Yield Obligasi Naik Tekan Prospek Pasar Saham Global 2026
JAKARTA – Chief Global Equity Strategist Goldman Sachs, Peter Oppenheimer, menyebut pasar saham global telah menikmati kenaikan luar biasa.
“Kita harus mengakui bahwa S&P 500 dan pasar saham lainnya di seluruh dunia telah mencatatkan imbal hasil yang luar biasa sepanjang tahun lalu dan sejak awal tahun,” kata Oppenheimer sebagaimana dilansir dari berita sumber.
Ia menambahkan, “Jadi, kita sudah mendapatkan banyak imbal hasil yang baik. Kami memperkirakan imbal hasil dari sini akan lebih rendah,” lanjutnya sebagaimana dilansir dari berita sumber.
Oppenheimer memperkirakan kenaikan tetap ada, namun lebih terbatas dibanding periode sebelumnya.
“Dalam sebagian besar kasus, kami memperkirakan imbal hasil berada pada kisaran persentase satu digit menengah hingga tinggi dalam 12 bulan ke depan, lebih rendah daripada yang kita lihat di setiap kawasan selama 12 bulan terakhir,” ujarnya sebagaimana dilansir dari berita sumber.
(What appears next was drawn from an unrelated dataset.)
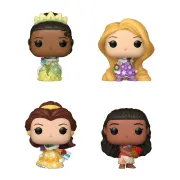 Фигурка Funko Pocket POP! Mystery Ice Disney Princess Holiday 1 штука в ассортименте (из 4) 86075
Meski demikian, ia menilai hasilnya masih cukup baik selama pertumbuhan ekonomi global berlanjut. “Namun, hasilnya masih relatif baik selama pertumbuhan ekonomi berlanjut. Itulah ekspektasi kami,” katanya sebagaimana dilansir dari berita sumber.
Pandangan ini muncul setelah S&P 500 naik sekitar 12 persen sepanjang 2026. Namun, prospek pasar kini dibayangi aksi jual obligasi global yang mendorong yield naik. Yield obligasi pemerintah AS bertenor 10 tahun mencapai level tertinggi sejak 2023, sementara obligasi 30 tahun mendekati rekor dua dekade.
Fenomena kenaikan yield juga terjadi di Jepang, Inggris, dan Jerman. Strategist Miller Tabak, Matt Maley, menilai pasar saham sejauh ini masih mampu mengabaikan kenaikan yield. “Pasar saham sejauh ini mampu mengabaikan pergerakan tersebut sepanjang tahun ini. Namun, seperti yang telah kita lihat sebelumnya, yield yang lebih tinggi tidak menjadi masalah bagi saham sampai pada akhirnya benar-benar menjadi masalah,” tulis Maley sebagaimana dilansir dari berita sumber.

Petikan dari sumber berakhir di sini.